Survivors’ Jones Act damages
Potential Jones Act damages to survivors of a seaman killed in the course of employment are two-fold. First, in a wrongful death claim they may request the financial support they lost when their relative died. Second, a survivor claim may award damages for the pain and suffering of the seaman between injury and death.
Injured seamen Jones Act damages
Depending on the details of the case, the types of Jones Act damages an injured seaman may be able to recover include those for:
- Lost past and future earnings
- Diminished work capacity
- Past and projected medical costs
- Other financial losses flowing from the injury
- Loss of the enjoyment of life
- Pain, suffering and mental anguish
- Post-judgment interest
Legal counsel important
A case like Higa can be extremely complex because different legal theories can apply to the same seaman’s injury, and the types of damages available under those theories may differ.

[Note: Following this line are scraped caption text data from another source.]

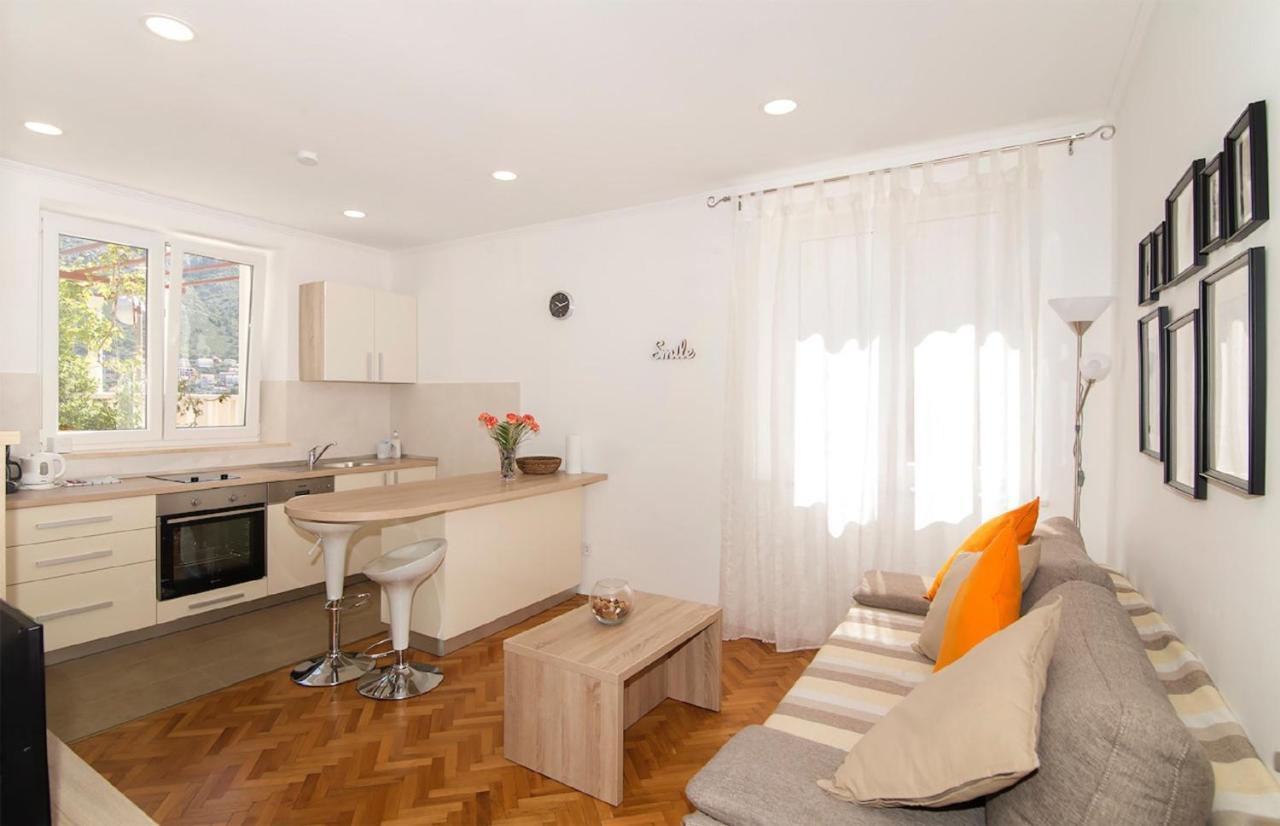 Dubrovnik Hill Apartments Екстер'єр фото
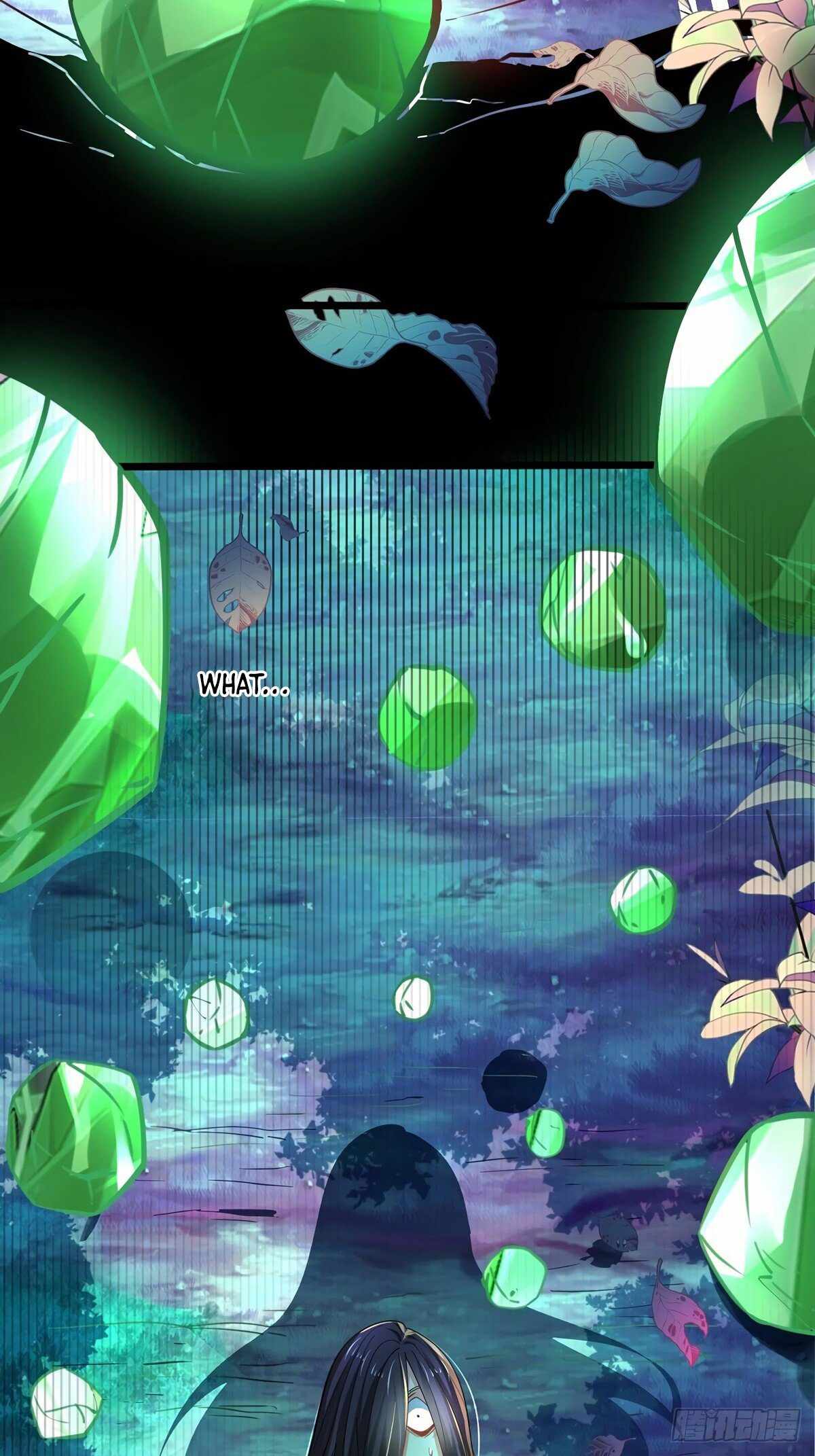 Chaotic Sword God (Remake) chapter 40 page 5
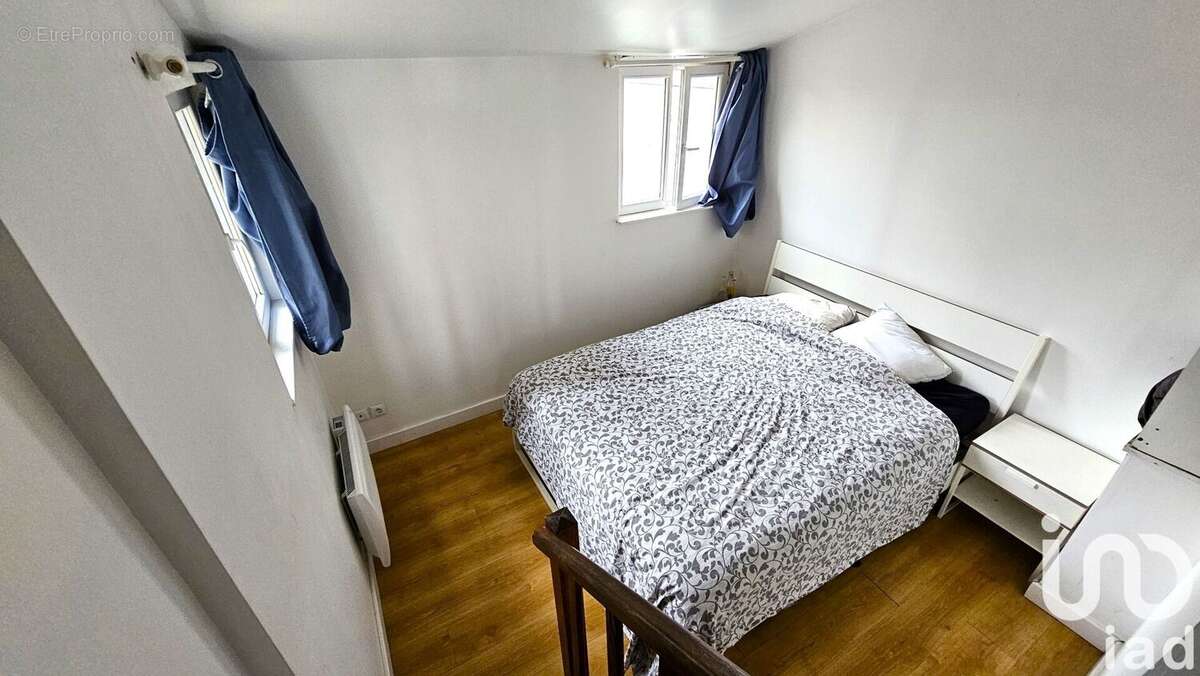 Photo 3 - Appartement à LAMBERSART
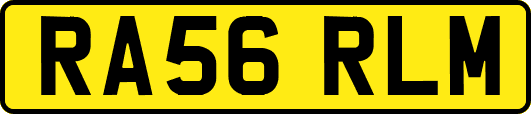 RA56RLM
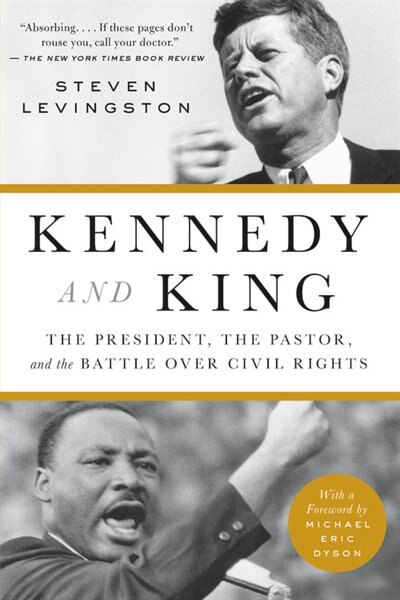 Front cover_Kennedy And King
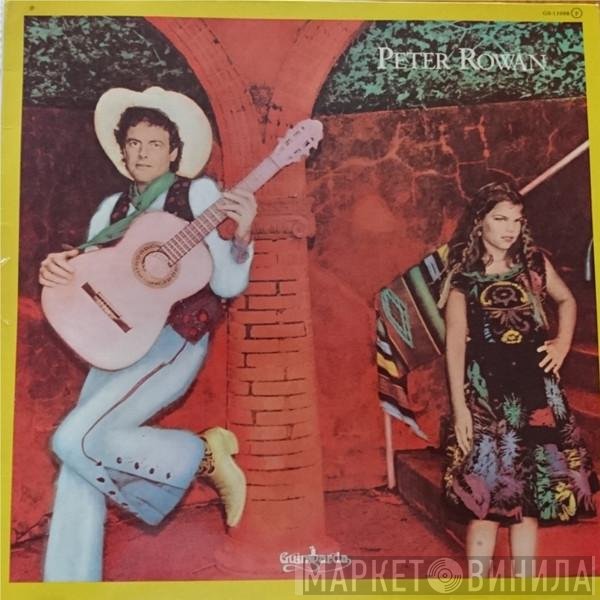 Peter Rowan  - Peter Rowan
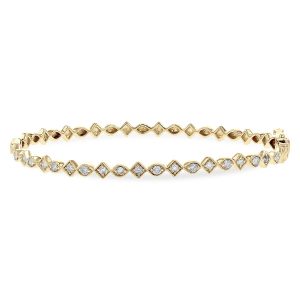 14KT Gold Bracelet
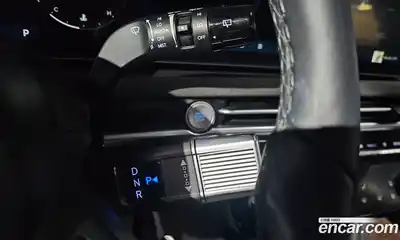 Hyundai Tucson 2024 1.6 Автомат в Москве № 124982, миниатюра 10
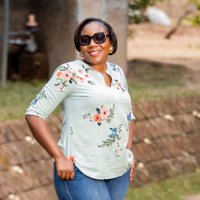 NellieYa! (@kanyemba_nellie) 's Twitter Profile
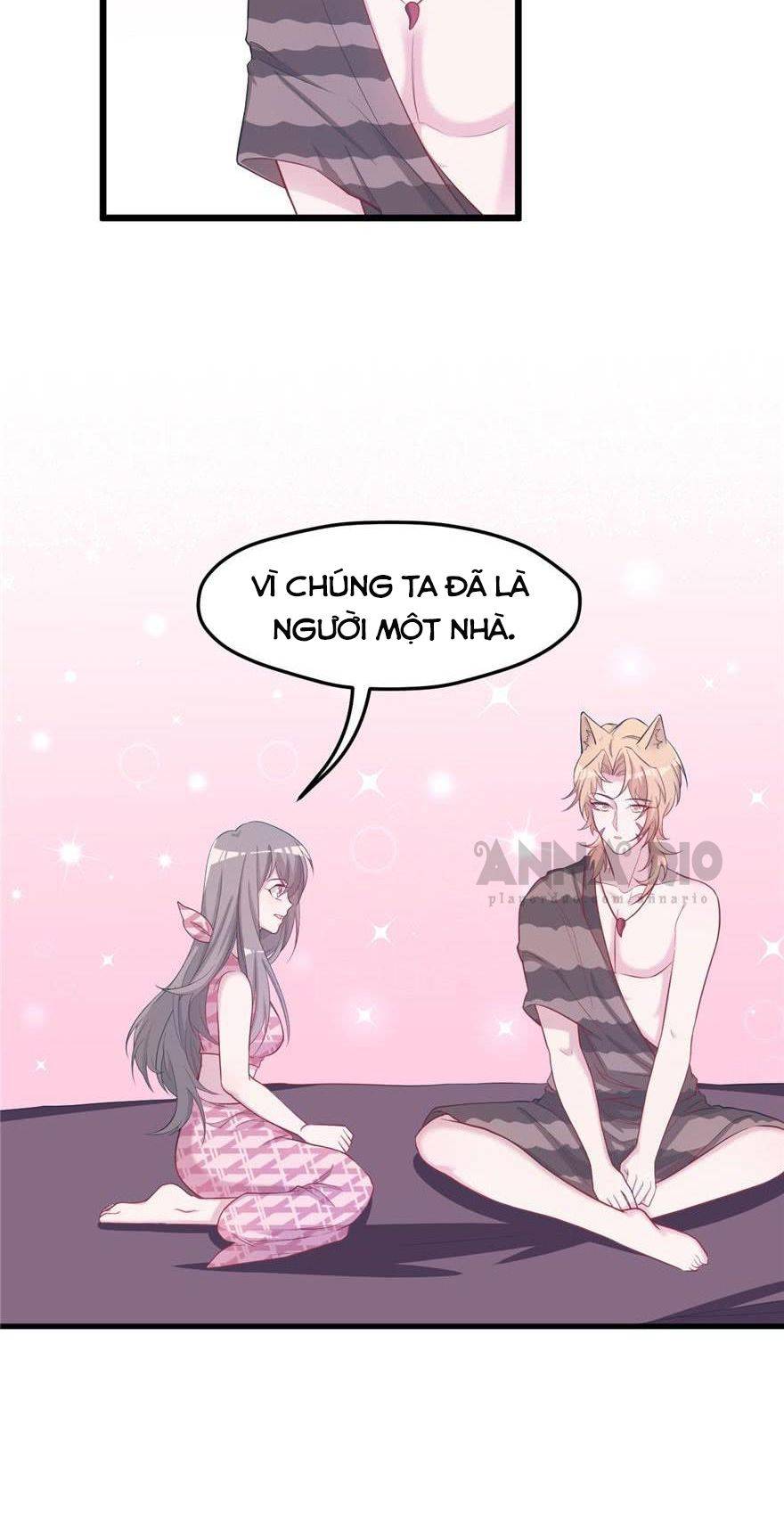 Thảnh Thơi Thú Thế Chủng Chủng Điền, Sinh Sinh Tể - Chap 102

For example, the kinds of damages the plaintiff Higa requests in his complaint may not all be available under the Jones Act, but he also brings claims under general maritime law and common law.
If you are injured in your work on a vessel, be sure to find an experienced and knowledgeable maritime and admiralty attorney to help you understand the complexity in recovering damages for a seaman’s work injury or death, and to assist you in building your legal case.